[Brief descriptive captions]
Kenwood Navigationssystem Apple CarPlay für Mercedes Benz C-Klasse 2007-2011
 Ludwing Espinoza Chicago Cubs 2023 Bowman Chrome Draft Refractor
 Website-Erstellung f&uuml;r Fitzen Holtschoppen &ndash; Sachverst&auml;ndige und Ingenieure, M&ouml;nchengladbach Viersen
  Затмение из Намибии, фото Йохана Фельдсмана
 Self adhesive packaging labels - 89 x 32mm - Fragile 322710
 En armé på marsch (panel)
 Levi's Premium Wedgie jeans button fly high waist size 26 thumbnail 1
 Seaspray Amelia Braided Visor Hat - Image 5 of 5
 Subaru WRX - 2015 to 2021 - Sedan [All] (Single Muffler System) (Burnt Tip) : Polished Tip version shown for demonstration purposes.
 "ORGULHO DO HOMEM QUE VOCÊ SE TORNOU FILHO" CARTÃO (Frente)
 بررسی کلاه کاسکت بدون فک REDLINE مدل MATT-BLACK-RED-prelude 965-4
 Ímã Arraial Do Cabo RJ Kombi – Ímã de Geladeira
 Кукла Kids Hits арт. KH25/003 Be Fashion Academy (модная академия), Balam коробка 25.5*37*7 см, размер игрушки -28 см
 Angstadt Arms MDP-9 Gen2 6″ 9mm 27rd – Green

What to produce: Output, and output only, the lines from the one containing "Self adhesive packaging" through the last line of the data above.

Solution for this task:
 Self adhesive packaging labels - 89 x 32mm - Fragile 322710
 En armé på marsch (panel)
 Levi's Premium Wedgie jeans button fly high waist size 26 thumbnail 1
 Seaspray Amelia Braided Visor Hat - Image 5 of 5
 Subaru WRX - 2015 to 2021 - Sedan [All] (Single Muffler System) (Burnt Tip) : Polished Tip version shown for demonstration purposes.
 "ORGULHO DO HOMEM QUE VOCÊ SE TORNOU FILHO" CARTÃO (Frente)
 بررسی کلاه کاسکت بدون فک REDLINE مدل MATT-BLACK-RED-prelude 965-4
 Ímã Arraial Do Cabo RJ Kombi – Ímã de Geladeira
 Кукла Kids Hits арт. KH25/003 Be Fashion Academy (модная академия), Balam коробка 25.5*37*7 см, размер игрушки -28 см
 Angstadt Arms MDP-9 Gen2 6″ 9mm 27rd – Green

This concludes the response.